» **REQUIREMENT**
Nothing but the text should be carried over: reproduce all the data exactly and leave out every image.

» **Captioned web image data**
○ ○ ○

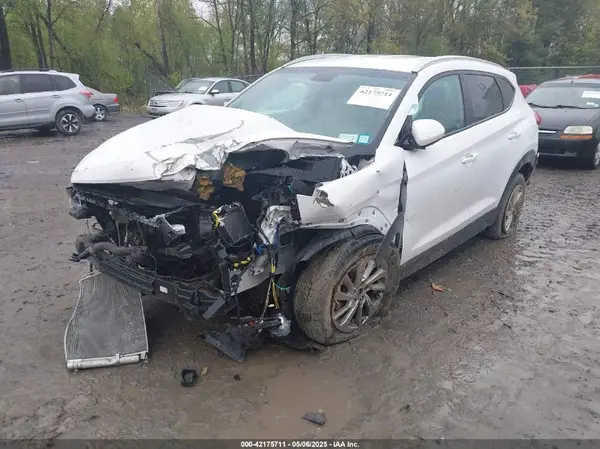 KM8J3CA40GU129238 2016 HYUNDAI TUCSON - Image 2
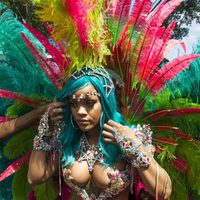 Rihanna elige un outfit muy llamativo para el Carnaval de Barbados 2017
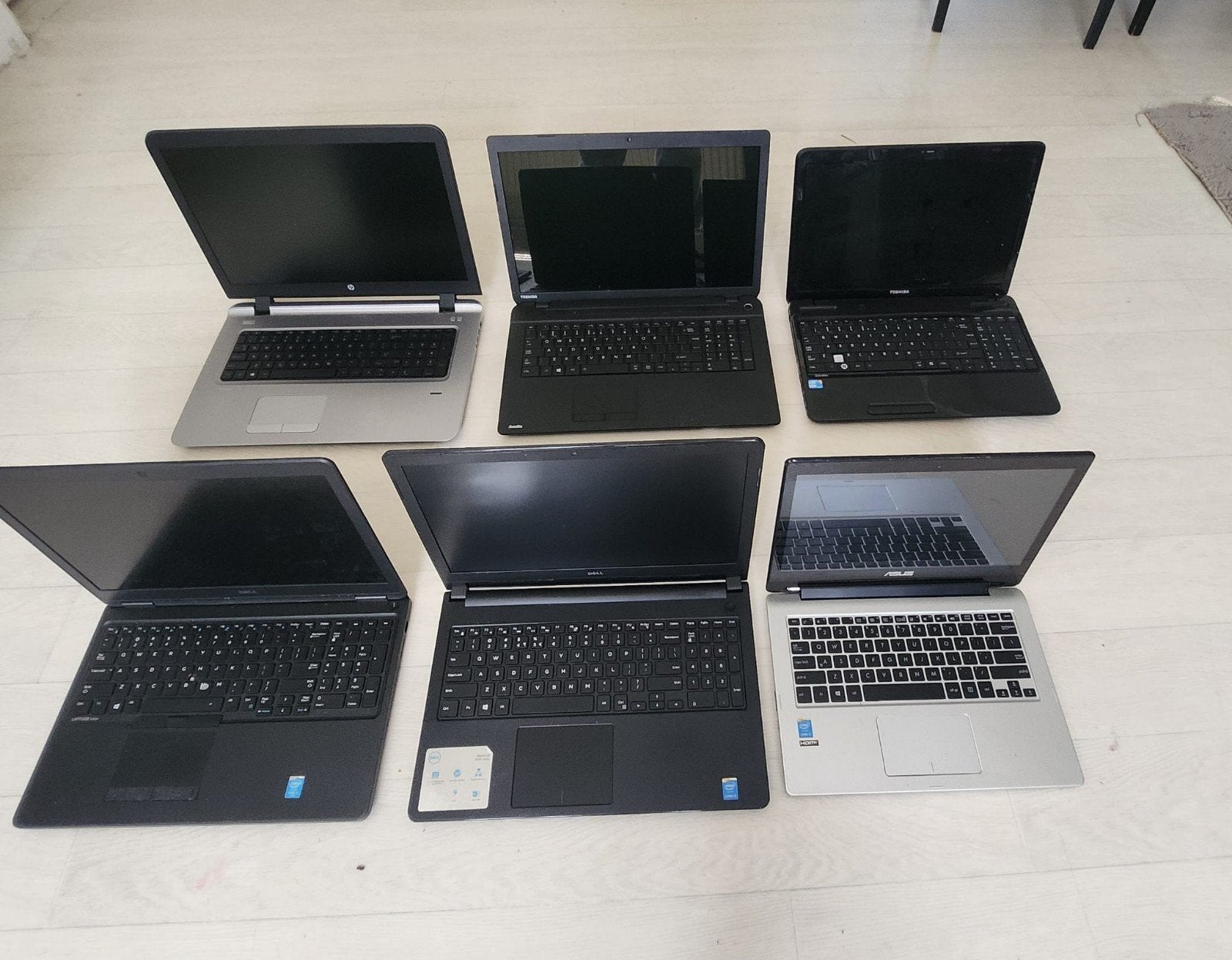 Partij laptops DEFECT!!!voor onderdelen, Computers en Software, Windows Laptops, Ophalen, 15 inch, Onbekend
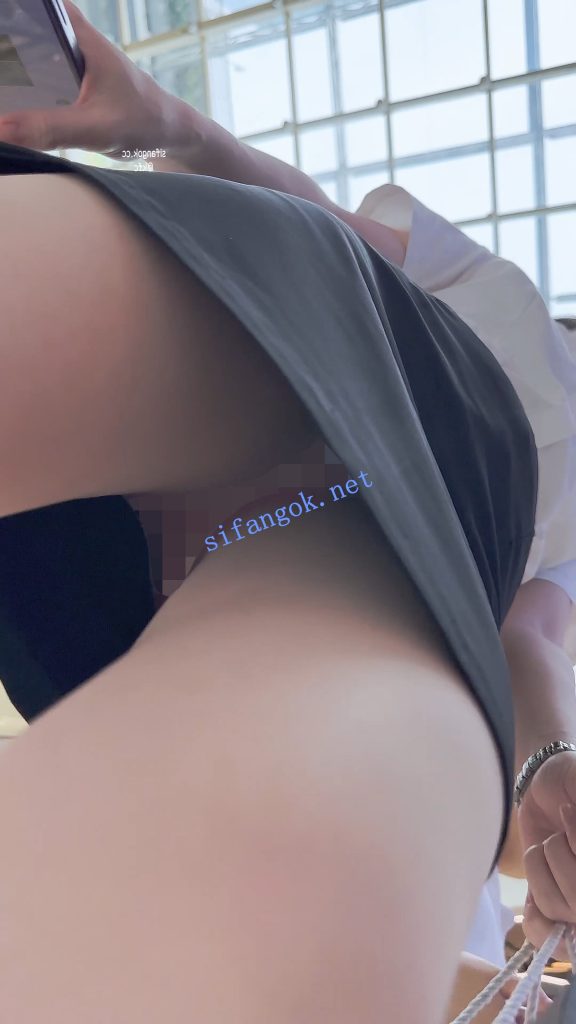 【KFC】前台OL中午吃饭·制服短裙肉色丝袜·红色内内前后CD【1V】【553M】 8 【KFC】前台OL中午吃饭·制服短裙肉色丝袜·红色内内前后CD【1V】【553M】 8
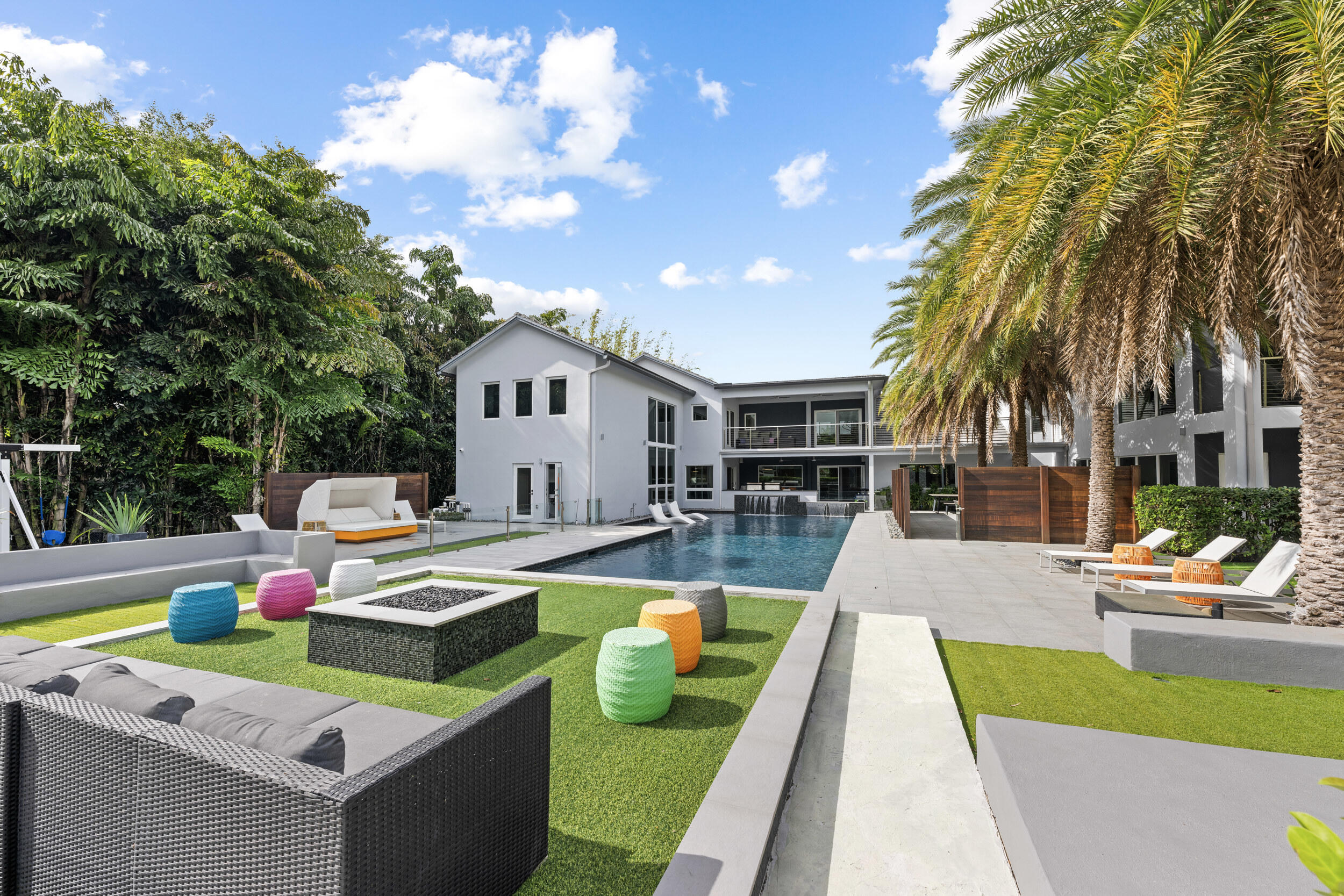 DEL MAR VILLAGE - Residential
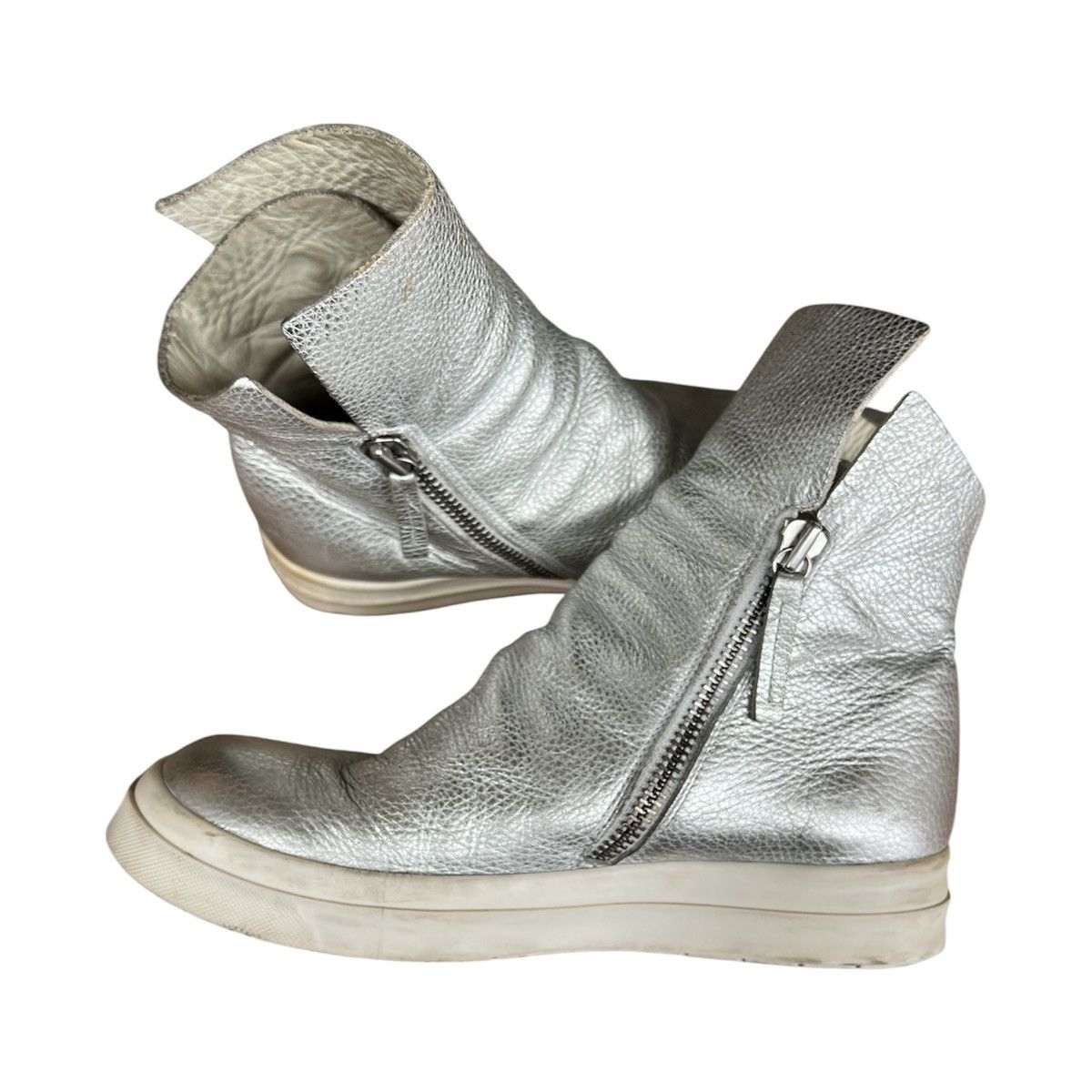Cinzia Araia Cinzia Araia silver leather side zip hi top sneaker Size US 9.5 / EU 42-43 - 12 Thumbnail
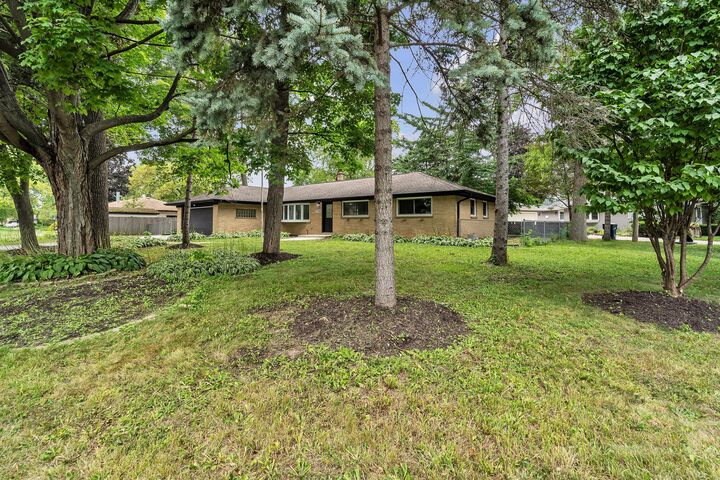 Property Photo: 7744 N Fairway Pl WI 53223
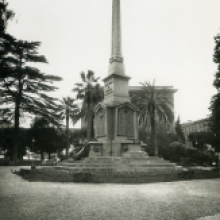 Il Monumento ai Caduti di Dògali all’interno del giardino di viale Luigi Einaudi e viale delle Terme di Diocleziano, 1935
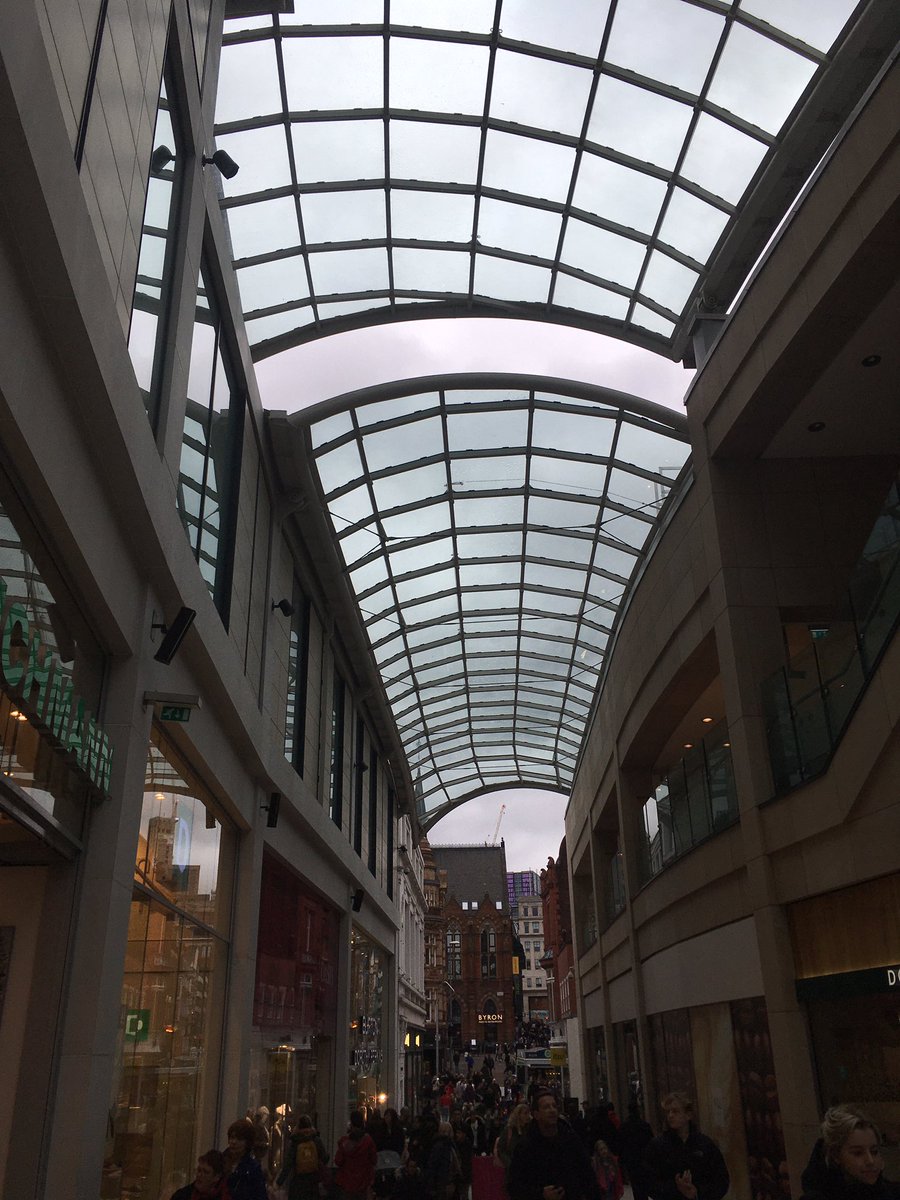 EleBrembilla's tweet photo. Managed to do a quick tour of #Leeds after the @SLL100 #lightbytes last week, and grabbed some #daylightsouvenir! Leeds is so full of wonderful arcades, old, modern, for every taste. And a perfect protection from #dennisstorm 
1/2 https://t.co/9TUTJ4fo7p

○ ○ ○

» **ANSWER**
 KM8J3CA40GU129238 2016 HYUNDAI TUCSON - Image 2
 Rihanna elige un outfit muy llamativo para el Carnaval de Barbados 2017
 Partij laptops DEFECT!!!voor onderdelen, Computers en Software, Windows Laptops, Ophalen, 15 inch, Onbekend
 【KFC】前台OL中午吃饭·制服短裙肉色丝袜·红色内内前后CD【1V】【553M】 8 【KFC】前台OL中午吃饭·制服短裙肉色丝袜·红色内内前后CD【1V】【553M】 8
 DEL MAR VILLAGE - Residential
Cinzia Araia Cinzia Araia silver leather side zip hi top sneaker Size US 9.5 / EU 42-43 - 12 Thumbnail
 Property Photo: 7744 N Fairway Pl WI 53223
 Il Monumento ai Caduti di Dògali all’interno del giardino di viale Luigi Einaudi e viale delle Terme di Diocleziano, 1935
 EleBrembilla's tweet photo. Managed to do a quick tour of #Leeds after the @SLL100 #lightbytes last week, and grabbed some #daylightsouvenir! Leeds is so full of wonderful arcades, old, modern, for every taste. And a perfect protection from #dennisstorm 
1/2 https://t.co/9TUTJ4fo7p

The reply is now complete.